◆ **Work instruction**: Begin at the line containing "பூஜை அறை கோலம்" and end at the final line of the entries. Please reproduce those lines exactly.

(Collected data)
- - -

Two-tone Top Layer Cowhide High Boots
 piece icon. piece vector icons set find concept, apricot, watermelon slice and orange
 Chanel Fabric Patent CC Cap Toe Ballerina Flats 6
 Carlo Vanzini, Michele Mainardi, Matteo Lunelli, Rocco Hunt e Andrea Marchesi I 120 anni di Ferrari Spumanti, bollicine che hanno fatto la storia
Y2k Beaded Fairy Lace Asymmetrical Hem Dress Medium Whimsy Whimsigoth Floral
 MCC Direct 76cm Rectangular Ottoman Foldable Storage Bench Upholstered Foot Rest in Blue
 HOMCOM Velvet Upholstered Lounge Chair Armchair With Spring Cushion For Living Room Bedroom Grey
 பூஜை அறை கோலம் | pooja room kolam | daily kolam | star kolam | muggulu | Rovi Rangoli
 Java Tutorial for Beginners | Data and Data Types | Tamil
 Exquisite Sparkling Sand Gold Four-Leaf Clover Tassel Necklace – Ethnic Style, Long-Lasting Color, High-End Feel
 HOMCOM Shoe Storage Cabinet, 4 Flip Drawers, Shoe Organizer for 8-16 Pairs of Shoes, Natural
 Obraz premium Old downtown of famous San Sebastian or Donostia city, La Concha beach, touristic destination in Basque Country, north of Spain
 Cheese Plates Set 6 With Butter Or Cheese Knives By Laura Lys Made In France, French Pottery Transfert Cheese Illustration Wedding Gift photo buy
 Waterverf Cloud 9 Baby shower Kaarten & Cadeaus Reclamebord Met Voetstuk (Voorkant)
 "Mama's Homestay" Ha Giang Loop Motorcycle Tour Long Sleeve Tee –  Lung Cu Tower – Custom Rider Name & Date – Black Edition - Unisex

- - -

◆ **Task solution**:
 பூஜை அறை கோலம் | pooja room kolam | daily kolam | star kolam | muggulu | Rovi Rangoli
 Java Tutorial for Beginners | Data and Data Types | Tamil
 Exquisite Sparkling Sand Gold Four-Leaf Clover Tassel Necklace – Ethnic Style, Long-Lasting Color, High-End Feel
 HOMCOM Shoe Storage Cabinet, 4 Flip Drawers, Shoe Organizer for 8-16 Pairs of Shoes, Natural
 Obraz premium Old downtown of famous San Sebastian or Donostia city, La Concha beach, touristic destination in Basque Country, north of Spain
 Cheese Plates Set 6 With Butter Or Cheese Knives By Laura Lys Made In France, French Pottery Transfert Cheese Illustration Wedding Gift photo buy
 Waterverf Cloud 9 Baby shower Kaarten & Cadeaus Reclamebord Met Voetstuk (Voorkant)
 "Mama's Homestay" Ha Giang Loop Motorcycle Tour Long Sleeve Tee –  Lung Cu Tower – Custom Rider Name & Date – Black Edition - Unisex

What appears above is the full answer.